M. Pierre Laurent attire l'attention de M. le ministre de l'éducation nationale et de la jeunesse sur de possibles fichages religieux dans nombre établissements privés sous contrat d'association avec l'État à Paris et ailleurs.
L'article L. 442-1 du code de l'éducation précise que « tous les enfants sans distinction d'origine, d'opinion ou de croyances » ont accès à l'enseignement privé « dans le respect total de la liberté de conscience ». Par ailleurs la loi n° 78-17 du 6 janvier 1978 relative à l'informatique, aux fichiers et aux libertés dispose qu'« il est interdit de traiter des données à caractère personnel qui révèlent la prétendue origine raciale ou l'origine ethnique, les opinions politiques, les convictions religieuses ou philosophiques ou l'appartenance syndicale d'une personne physique ».

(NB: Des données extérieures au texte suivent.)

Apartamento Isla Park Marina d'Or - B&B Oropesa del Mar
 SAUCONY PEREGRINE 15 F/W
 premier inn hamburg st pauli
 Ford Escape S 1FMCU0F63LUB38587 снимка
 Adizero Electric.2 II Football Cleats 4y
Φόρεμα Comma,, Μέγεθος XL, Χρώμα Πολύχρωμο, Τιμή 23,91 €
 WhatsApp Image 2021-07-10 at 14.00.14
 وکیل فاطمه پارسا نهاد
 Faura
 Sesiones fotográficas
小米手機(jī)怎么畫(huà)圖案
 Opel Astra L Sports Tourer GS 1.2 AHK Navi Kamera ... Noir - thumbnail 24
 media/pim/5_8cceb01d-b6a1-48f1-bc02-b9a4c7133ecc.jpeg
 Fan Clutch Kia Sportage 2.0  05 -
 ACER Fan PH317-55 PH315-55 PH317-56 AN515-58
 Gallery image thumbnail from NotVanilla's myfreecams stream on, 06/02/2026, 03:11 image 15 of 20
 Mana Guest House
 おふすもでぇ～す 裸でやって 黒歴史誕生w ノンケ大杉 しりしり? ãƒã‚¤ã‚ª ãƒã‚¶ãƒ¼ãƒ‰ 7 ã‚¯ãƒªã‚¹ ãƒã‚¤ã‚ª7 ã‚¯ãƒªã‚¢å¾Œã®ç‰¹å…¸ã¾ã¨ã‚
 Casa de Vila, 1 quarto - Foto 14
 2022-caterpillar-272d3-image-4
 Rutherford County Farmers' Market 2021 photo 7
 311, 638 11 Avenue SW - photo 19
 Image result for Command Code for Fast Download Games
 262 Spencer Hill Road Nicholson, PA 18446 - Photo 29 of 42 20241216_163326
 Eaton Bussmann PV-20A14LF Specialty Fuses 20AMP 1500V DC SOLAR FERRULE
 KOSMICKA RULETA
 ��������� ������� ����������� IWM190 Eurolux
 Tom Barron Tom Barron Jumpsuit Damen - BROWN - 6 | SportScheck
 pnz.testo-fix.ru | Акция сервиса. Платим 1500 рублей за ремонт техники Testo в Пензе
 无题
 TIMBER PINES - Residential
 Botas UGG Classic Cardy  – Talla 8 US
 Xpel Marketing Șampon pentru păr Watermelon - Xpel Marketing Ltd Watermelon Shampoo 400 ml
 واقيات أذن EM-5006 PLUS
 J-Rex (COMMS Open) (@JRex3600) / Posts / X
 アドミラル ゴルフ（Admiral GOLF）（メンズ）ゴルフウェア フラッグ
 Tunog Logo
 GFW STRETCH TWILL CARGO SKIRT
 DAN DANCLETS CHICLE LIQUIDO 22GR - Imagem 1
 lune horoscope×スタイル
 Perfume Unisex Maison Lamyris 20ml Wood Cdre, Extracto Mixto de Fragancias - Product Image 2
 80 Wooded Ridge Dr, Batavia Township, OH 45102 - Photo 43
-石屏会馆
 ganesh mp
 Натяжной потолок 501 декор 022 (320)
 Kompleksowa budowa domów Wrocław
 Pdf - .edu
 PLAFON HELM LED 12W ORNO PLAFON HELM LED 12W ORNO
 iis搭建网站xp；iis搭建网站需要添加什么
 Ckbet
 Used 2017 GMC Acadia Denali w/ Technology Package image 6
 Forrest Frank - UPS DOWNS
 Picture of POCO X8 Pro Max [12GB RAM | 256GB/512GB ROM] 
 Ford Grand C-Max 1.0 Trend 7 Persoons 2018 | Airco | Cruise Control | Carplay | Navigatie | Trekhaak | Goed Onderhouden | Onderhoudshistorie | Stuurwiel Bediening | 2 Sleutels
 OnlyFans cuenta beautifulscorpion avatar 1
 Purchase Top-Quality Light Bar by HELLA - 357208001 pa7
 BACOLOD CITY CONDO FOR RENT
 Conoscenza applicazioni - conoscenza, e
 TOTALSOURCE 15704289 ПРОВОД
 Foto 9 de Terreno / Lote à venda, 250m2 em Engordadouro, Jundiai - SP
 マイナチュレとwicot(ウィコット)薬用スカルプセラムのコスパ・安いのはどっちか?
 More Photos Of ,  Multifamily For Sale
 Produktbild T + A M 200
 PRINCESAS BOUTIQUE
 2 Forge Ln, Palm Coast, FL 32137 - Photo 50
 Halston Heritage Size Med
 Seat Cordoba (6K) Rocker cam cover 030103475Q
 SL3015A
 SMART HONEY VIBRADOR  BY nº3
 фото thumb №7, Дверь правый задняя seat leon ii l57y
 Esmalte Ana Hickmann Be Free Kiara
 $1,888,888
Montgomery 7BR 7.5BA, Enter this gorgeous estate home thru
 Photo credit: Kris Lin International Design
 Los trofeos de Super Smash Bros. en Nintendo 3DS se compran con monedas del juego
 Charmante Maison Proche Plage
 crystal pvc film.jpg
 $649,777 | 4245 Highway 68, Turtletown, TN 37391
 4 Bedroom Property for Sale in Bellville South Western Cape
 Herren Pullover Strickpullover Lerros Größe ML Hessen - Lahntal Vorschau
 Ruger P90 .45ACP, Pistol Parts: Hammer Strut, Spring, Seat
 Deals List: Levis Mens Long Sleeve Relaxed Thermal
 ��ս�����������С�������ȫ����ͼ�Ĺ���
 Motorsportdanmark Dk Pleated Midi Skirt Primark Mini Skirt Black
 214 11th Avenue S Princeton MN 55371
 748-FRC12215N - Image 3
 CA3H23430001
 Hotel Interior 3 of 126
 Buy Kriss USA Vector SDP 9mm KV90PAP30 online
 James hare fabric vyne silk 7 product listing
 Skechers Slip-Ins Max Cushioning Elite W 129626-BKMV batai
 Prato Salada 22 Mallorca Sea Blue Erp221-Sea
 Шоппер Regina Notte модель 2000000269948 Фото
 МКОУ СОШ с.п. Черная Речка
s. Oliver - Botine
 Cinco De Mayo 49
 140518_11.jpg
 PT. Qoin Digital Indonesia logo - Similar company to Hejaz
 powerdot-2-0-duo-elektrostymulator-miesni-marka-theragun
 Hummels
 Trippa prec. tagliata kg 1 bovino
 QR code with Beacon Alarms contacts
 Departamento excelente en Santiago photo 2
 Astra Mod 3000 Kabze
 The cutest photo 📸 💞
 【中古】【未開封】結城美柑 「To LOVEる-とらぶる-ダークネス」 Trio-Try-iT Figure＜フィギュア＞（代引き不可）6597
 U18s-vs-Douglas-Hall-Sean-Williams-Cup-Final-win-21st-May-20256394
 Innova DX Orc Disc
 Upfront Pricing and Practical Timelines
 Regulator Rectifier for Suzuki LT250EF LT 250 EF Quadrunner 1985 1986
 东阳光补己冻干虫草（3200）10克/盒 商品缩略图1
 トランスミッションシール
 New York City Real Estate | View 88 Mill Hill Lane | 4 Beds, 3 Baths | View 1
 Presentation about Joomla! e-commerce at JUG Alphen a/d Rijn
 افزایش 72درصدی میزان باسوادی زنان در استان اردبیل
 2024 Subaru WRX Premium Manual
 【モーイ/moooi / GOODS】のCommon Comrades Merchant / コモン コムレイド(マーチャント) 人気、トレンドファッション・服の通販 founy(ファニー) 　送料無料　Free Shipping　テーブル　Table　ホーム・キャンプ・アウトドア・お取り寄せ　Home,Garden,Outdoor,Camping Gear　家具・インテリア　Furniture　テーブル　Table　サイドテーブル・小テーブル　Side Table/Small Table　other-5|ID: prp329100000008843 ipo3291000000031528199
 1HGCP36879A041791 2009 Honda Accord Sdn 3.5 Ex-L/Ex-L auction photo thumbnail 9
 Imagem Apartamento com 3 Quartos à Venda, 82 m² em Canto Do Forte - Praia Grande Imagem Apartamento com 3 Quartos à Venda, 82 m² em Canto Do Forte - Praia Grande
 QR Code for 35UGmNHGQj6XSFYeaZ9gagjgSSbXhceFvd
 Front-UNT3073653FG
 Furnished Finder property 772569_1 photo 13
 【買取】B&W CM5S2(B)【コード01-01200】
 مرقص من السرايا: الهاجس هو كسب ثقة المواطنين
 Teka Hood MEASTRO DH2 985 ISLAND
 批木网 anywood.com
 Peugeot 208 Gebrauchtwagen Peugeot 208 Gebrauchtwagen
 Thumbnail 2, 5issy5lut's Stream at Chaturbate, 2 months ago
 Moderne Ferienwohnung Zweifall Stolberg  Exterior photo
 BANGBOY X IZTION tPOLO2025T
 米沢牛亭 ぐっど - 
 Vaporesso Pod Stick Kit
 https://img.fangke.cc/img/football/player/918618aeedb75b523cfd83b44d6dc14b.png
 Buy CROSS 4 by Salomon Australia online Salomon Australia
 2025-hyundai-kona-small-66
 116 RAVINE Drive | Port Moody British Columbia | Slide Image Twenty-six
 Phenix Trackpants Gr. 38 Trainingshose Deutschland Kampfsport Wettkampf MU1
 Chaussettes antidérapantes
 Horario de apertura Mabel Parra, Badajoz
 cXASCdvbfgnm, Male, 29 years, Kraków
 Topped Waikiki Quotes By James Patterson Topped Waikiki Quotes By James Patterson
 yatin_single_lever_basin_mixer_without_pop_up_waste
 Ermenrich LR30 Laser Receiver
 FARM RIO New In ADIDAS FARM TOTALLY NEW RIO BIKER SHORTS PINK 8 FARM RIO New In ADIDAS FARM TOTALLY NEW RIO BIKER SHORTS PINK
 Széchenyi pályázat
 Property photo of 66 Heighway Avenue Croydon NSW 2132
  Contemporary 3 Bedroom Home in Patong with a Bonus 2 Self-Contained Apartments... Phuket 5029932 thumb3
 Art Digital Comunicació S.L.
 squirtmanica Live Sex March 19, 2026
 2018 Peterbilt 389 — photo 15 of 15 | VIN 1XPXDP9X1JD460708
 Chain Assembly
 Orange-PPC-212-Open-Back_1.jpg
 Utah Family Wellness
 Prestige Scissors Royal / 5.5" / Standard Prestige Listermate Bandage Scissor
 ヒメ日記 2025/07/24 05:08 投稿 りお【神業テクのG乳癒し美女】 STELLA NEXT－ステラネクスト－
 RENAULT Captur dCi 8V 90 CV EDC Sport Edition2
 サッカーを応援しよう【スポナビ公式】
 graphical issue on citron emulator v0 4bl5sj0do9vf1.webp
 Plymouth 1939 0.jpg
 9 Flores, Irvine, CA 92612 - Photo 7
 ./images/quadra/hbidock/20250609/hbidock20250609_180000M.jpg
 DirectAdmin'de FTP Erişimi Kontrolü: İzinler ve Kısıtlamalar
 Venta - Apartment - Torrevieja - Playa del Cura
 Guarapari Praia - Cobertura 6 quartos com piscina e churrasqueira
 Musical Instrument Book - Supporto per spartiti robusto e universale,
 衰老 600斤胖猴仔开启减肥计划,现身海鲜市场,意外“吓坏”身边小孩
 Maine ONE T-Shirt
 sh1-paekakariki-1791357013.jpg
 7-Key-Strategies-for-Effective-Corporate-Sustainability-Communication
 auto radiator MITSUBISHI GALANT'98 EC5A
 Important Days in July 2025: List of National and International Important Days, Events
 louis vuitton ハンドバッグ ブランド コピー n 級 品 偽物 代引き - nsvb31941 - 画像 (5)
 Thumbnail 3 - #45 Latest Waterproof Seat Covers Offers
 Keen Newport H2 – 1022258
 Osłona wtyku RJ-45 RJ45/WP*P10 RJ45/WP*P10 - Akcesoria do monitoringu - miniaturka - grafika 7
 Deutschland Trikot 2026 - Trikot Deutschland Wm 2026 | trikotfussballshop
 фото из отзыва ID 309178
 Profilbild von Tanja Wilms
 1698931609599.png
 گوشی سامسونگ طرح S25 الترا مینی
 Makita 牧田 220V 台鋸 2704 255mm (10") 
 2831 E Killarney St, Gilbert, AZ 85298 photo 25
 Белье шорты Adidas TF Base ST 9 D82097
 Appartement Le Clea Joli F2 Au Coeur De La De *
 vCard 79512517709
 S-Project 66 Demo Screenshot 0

Or il apparaît que nombre d'établissements privés sous contrat demandent dans les dossiers de pré-inscription ou d'inscription des informations sur les appartenances et les pratiques religieuses des enfants qui souhaitent s'y inscrire, ainsi que, parfois, sur celles de leurs parents.
Au vu des articles de loi précités la finalité de ces demandes et la légalité du fichage des croyances religieuses des élèves au moment de leur inscription posent, pour le moins, question. La collecte de ces informations pourrait ainsi être à l'origine d'une sélection d'un certain nombre de dossiers sur un critère de croyance religieuse, ce qui constituerait alors une discrimination. Les informations religieuses étant une donnée sensible, la question se pose de savoir si ce fichage est pertinent et limité au but poursuivi par le fichier créé, au sens du règlement général sur la protection des données (RGPD).
Compte tenu de ces éléments graves il lui demande de diligenter une enquête pour avoir une appréciation globale de ce phénomène en vue de faire cesser d'éventuels agissements illégaux.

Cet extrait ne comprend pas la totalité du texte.